WIPO Women and IP Symposium: Efforts towards Institutional Action
- Kushraj Singh Jaoli

- May 13
- 1 min read
From May 11 to 13, 2026, the World Intellectual Property Organization (WIPO) hosted its 4th Women and IP Symposium at its headquarters in Geneva and online, bringing together over 165 participants from 80+ global IP offices.
WIPO Deputy Director General Lisa Jorgenson highlighted a persistent structural hurdle: despite equal levels of women in STEM education, women still make up less than 20% of listed inventors globally sitting at just 18% in recent international patent applications. As a solution, the symposium heavily emphasized the use of sex-disaggregated data to design inclusive national policy frameworks.

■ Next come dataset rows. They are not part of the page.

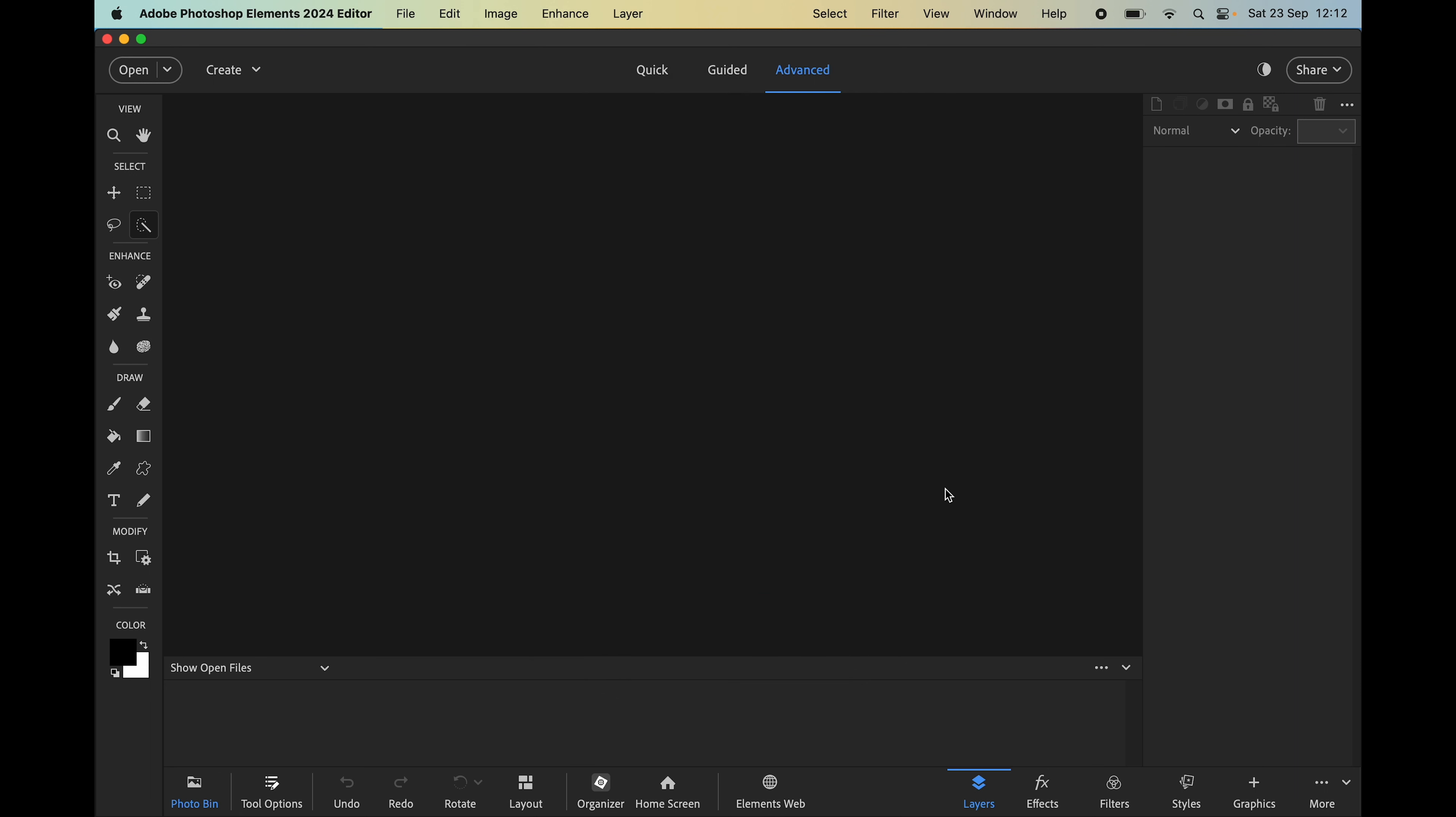My final favorite is found under the create menu and it's called photo reel and it's also available for videos in the Premiere Elements application and this is a great feature for using photos or video straight from your camera.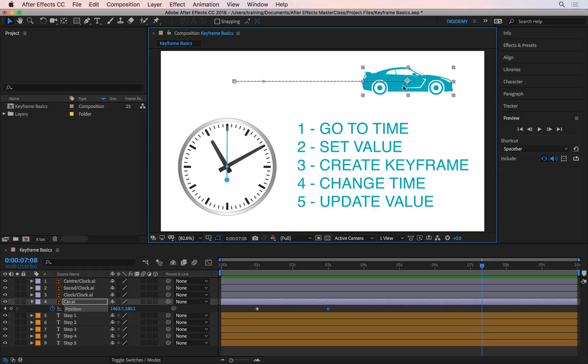If you memorize these five steps and follow them in this order, you can keyframe and animate pretty much every single property in After Effects.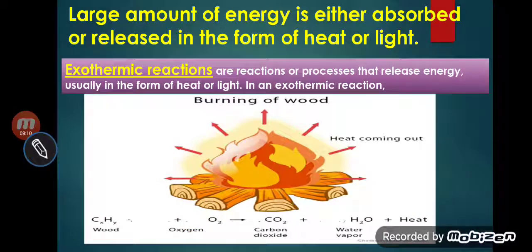You have also seen in your surroundings: during the white washing of your house, when calcium oxide — lime, or 'chuna' in Hindi — is put into water, the water starts boiling, meaning heat comes out after the reaction. That is called an exothermic reaction. So the reaction in which energy is released is called an exothermic reaction.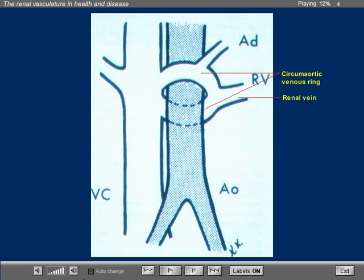This is a diagram showing the circum aortic venous ring. Note that there is a vein ventral and another one dorsal, and both terminate in the inferior vena cava.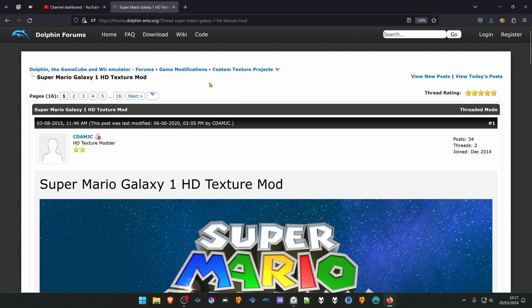From the Dolphin forums, in the Custom Texture Projects section, there is a post named Super Mario Galaxy 1 HD Texture.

For instance, the Spanish Patent and Trademark Office (OEPM) shared how Spain's national equality law, requiring gender plans for all companies with over 50 employees, structurally transformed their workspace resulting in women now holding a majority of positions, including key managerial roles. A dedicated session focused on Women in AI, Emerging Tech, and the Digital Economy, spotlighting strategies to prevent gender bias in future AI patenting and software innovation, as recent analysis from the World Intellectual Property Organization shows that women are involved in only 23 percent of international patent applications and represent just 13 percent of listed inventors.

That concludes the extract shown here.